**Information shown**
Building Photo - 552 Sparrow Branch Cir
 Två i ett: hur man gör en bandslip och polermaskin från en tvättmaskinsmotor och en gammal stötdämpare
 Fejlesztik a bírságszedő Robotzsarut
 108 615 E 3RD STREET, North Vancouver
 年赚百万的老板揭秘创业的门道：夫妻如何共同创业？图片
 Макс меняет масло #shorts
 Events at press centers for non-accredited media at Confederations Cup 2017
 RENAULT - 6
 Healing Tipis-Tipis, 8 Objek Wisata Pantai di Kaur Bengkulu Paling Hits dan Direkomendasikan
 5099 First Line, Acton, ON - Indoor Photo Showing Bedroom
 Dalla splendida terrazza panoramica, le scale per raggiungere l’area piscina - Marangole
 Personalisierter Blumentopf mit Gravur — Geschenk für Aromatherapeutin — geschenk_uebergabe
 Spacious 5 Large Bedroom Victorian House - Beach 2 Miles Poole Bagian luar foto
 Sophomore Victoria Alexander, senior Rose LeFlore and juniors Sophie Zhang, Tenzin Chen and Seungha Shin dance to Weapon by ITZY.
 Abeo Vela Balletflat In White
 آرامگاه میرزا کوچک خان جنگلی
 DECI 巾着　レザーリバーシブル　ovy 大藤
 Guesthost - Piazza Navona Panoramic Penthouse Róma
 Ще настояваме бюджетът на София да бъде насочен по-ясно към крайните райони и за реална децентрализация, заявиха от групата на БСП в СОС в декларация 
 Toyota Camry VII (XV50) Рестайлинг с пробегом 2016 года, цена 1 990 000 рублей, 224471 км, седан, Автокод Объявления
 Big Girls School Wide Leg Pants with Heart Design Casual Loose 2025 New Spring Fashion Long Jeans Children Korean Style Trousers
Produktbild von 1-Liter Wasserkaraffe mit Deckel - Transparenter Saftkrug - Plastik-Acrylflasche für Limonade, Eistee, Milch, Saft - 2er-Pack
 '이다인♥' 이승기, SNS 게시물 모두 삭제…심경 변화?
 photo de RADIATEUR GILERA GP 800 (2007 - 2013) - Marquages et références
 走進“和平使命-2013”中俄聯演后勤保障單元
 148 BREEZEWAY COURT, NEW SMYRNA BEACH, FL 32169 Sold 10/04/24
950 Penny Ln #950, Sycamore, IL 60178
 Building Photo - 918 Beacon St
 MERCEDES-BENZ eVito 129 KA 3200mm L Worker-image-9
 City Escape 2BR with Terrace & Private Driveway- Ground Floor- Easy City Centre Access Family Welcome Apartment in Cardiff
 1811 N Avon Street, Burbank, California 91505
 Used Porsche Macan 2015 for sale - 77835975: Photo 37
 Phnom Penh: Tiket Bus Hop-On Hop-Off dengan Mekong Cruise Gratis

**Exercise**
Lines of the material that contain the word "Bedroom" are to be gathered.

**Solution to the problem**
 5099 First Line, Acton, ON - Indoor Photo Showing Bedroom
 Spacious 5 Large Bedroom Victorian House - Beach 2 Miles Poole Bagian luar foto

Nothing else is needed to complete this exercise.